Reviewed by Av. Tuğsan YILMAZ on Nov 10
Rating:
Bahis, dünya tarihinde milattan öncesine kadar dayanan bir kavram olup, bilinen ve kayıtlara geçen ilk bahis oyununun M.Ö. 600’lü yıllarda Yunanistan’da gerçekleşen Olimpiyat Oyunlarında oynandığı bilinmektedir. Bu tarihten önce de ilkel toplumlarda “yemek” üzerine bahis yapıldığı tahmin edilmekte fakat buna ilişkin kesin bir kaynak bulunmamaktadır.

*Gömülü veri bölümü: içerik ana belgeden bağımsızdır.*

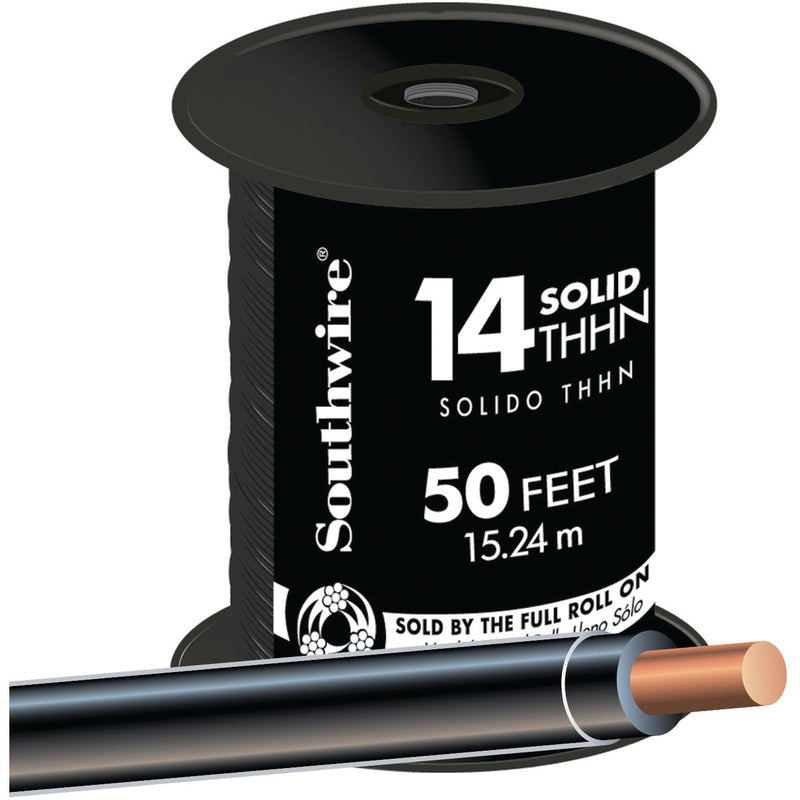 Southwire 50 Ft. 14 AWG Solid Black THHN Electrical Wire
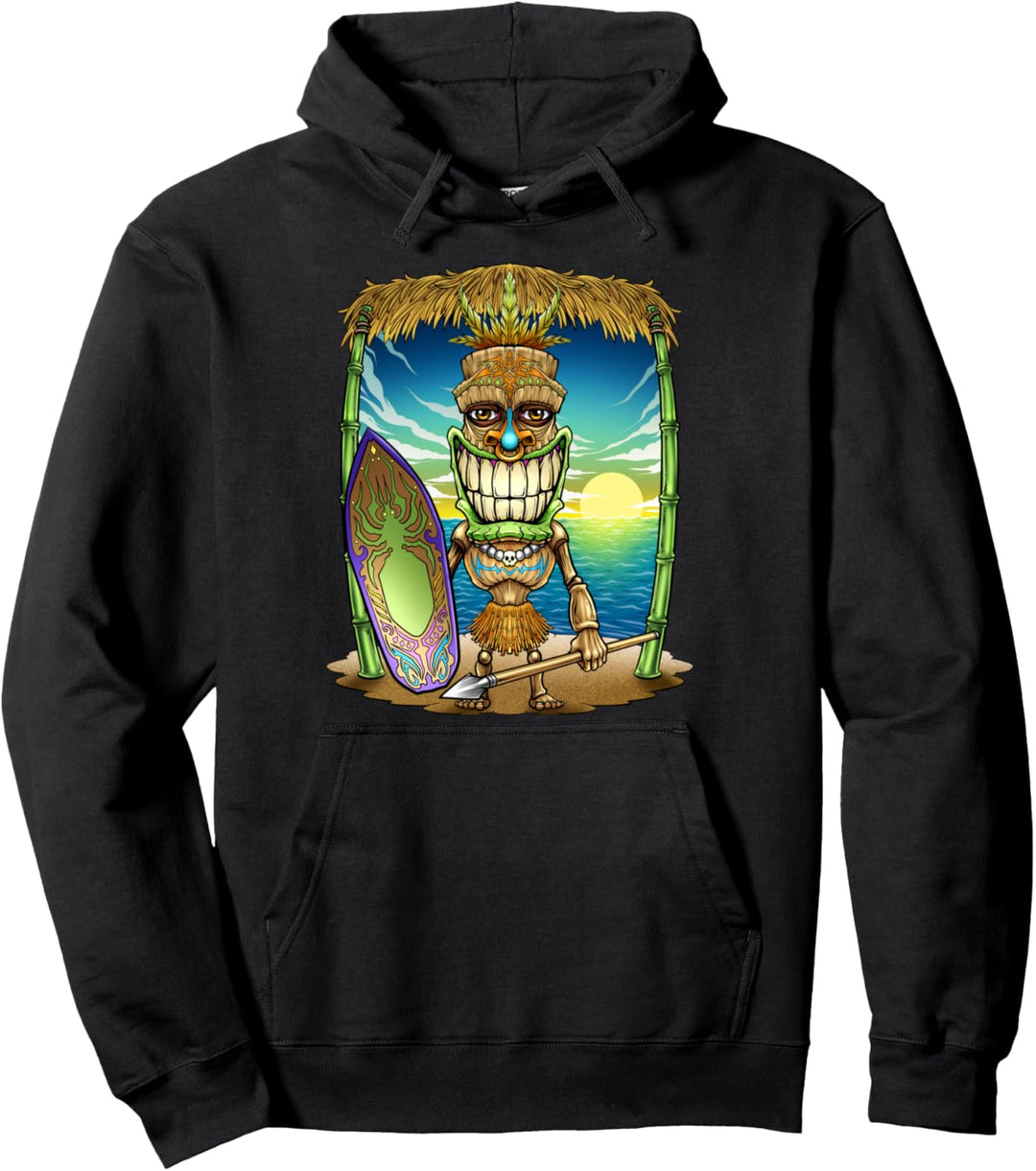 Tiki Head Surfer Surfbrett Strand Hawaii Hütte Stammes-Urlaub Pullover Hoodie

Ülkemizde de 19. yüzyılın ortalarında at yarışı oyunları ile başlayan bahis, ilk olarak 1959 yılında yayımlanan “Futbol ve Diğer Spor Müsabakalarında Müşterek Bahis ve Şans Oyunları Düzenlenmesi Hakkında Kanun”la birlikte yasal bir zemine oturtulmuştur. İnceleme konumuz olan bu kanunun 5. maddesi, zaman içinde çeşitli değişikliklere uğramış, 6495 sayılı ve 12/7/2013 tarihli kanunun 3. maddesi ile yapılan değişiklikle birlikte bugünkü halini almış ve 15/8/2017 tarihli 694 sayılı KHK ile de maddede yer verilen suçlara ilişkin Koruma Tedbirleri düzenlenmiştir.
Hükümet gerekçesinde, kanunun 5. maddesinde yer alan düzenlemeler ile spor müsabakalarında yasa dışı bahis ve şans oyunlarının, öngörülen cezalar ile caydırılması ve bahis ve şans oyunlarının idarenin verdiği ruhsata ve denetimine bağlanmasının amaçlandığı belirtilmiştir. Kanunun koruduğu hukuki menfaat, gerekçede ve Anayasa Mahkemesi’nin E. 2016/51 K. 2016/179 sayılı kararında açıklandığı üzere esasen idarenin ve idarenin verdiği yetkiyle bahis ve şans oyunları oynatan kişilerin mali çıkarlarıdır.
Fakat kanun bu haliyle, spor müsabakalarına dayalı olarak oynanan bahis ve şans oyunlarının tekelci bir yapı altında toplanmasına imkan vermekte ve sektörel rekabeti engellemektedir. Serbest piyasa koşullarında da tekelci ve rekabetsiz bir ortamda gündeme gelebilecek sorunlar herkesin malumudur. Dolayısıyla kanun, amaçladıklarını bir yandan gerçekleştirmekte diğer yandan ise sekteye uğratmaktadır.
7258 Sayılı Kanun Madde 5
7258 sayılı Kanunun bahis ve şans oynatma suçunu düzenleyen 5. maddesi;
Madde 5 – (Değişik: 12/7/2013-6495/3 md.)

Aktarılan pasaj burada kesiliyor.